Every line from the first one in the listing down to the line with "Weapon X online" should be restated word for word.

-=-=-=-=-

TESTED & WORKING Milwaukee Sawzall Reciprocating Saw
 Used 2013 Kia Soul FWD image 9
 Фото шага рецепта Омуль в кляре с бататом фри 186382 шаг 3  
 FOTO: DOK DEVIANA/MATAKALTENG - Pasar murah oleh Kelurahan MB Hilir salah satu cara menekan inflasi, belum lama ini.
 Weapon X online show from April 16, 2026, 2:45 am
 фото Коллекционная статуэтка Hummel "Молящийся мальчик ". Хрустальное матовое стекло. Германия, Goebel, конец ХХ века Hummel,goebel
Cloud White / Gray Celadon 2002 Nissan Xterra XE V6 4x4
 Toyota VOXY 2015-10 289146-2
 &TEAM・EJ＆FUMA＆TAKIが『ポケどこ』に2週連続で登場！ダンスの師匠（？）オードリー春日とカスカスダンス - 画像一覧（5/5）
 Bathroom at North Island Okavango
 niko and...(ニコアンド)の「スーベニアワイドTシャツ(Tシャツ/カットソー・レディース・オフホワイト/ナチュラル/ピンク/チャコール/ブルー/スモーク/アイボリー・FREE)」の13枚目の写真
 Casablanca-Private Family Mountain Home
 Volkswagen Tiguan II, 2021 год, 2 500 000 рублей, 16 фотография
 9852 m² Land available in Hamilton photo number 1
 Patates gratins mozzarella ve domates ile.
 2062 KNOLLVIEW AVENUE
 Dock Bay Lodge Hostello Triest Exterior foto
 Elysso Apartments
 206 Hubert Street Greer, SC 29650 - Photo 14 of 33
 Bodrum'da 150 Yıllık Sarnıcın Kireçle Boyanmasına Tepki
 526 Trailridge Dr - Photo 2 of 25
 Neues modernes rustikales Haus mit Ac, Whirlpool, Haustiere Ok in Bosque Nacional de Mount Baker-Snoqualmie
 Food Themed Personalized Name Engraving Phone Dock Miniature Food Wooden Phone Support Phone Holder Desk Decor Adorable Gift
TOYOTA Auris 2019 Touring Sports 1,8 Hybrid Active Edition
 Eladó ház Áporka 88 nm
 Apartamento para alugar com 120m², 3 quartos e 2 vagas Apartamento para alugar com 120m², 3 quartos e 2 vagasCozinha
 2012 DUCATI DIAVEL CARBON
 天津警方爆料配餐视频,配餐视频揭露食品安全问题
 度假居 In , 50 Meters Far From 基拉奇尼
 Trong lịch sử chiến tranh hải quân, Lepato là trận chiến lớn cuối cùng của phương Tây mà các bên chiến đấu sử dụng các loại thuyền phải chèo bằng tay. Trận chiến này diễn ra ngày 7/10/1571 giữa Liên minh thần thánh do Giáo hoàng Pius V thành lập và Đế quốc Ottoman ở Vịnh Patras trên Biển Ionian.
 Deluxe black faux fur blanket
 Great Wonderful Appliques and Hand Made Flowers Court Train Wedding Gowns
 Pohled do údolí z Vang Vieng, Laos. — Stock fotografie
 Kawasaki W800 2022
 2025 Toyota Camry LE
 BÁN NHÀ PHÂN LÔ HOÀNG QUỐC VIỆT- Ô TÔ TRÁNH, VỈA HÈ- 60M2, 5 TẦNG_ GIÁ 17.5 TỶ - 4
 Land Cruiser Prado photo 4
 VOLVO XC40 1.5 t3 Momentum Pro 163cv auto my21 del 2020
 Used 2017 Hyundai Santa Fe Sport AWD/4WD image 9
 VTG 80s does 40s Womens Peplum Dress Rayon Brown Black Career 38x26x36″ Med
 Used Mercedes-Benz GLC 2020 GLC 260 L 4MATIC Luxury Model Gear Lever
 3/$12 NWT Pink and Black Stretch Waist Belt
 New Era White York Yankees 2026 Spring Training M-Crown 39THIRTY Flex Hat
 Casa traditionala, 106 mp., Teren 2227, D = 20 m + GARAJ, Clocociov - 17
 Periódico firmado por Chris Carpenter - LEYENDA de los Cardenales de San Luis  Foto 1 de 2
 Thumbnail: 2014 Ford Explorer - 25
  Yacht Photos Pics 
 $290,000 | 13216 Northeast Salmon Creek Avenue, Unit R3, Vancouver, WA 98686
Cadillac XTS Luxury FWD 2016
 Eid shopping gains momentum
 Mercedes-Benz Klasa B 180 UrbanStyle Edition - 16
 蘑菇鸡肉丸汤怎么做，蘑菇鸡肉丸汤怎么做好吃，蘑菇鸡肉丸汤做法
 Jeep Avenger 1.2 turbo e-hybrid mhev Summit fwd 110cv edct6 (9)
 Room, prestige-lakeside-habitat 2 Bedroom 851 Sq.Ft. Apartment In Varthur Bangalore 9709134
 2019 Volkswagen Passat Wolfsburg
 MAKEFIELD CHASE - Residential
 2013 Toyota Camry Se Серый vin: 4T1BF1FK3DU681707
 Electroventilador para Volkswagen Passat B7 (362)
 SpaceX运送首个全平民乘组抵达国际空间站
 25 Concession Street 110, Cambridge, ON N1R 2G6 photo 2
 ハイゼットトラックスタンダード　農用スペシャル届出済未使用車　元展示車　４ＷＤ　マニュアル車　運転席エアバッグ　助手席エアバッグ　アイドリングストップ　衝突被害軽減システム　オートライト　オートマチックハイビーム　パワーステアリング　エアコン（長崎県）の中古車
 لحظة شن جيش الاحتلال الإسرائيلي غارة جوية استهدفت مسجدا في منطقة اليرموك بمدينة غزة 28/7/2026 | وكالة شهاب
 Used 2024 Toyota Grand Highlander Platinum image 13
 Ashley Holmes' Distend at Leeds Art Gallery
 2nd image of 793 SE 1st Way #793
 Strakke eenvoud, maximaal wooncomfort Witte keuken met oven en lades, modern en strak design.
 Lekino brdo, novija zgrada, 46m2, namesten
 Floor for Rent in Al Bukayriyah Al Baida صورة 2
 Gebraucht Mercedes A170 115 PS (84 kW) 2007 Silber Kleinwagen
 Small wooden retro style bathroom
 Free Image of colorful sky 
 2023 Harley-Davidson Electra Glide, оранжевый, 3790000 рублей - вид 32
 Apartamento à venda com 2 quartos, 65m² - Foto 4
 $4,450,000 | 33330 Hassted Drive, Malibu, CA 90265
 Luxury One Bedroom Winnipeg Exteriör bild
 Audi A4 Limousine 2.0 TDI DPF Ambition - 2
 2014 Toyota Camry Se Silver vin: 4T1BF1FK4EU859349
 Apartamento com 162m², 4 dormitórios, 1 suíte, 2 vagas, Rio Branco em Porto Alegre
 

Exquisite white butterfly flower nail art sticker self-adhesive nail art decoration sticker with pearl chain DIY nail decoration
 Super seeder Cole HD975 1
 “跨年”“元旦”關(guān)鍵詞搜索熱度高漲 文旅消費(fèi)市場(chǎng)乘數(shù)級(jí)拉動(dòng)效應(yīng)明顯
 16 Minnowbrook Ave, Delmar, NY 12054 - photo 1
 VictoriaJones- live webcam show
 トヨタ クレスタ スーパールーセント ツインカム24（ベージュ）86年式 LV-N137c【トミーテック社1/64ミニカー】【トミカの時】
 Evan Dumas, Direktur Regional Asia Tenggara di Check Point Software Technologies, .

-=-=-=-=-

**Output for this exercise:**
TESTED & WORKING Milwaukee Sawzall Reciprocating Saw
 Used 2013 Kia Soul FWD image 9
 Фото шага рецепта Омуль в кляре с бататом фри 186382 шаг 3  
 FOTO: DOK DEVIANA/MATAKALTENG - Pasar murah oleh Kelurahan MB Hilir salah satu cara menekan inflasi, belum lama ini.
 Weapon X online show from April 16, 2026, 2:45 am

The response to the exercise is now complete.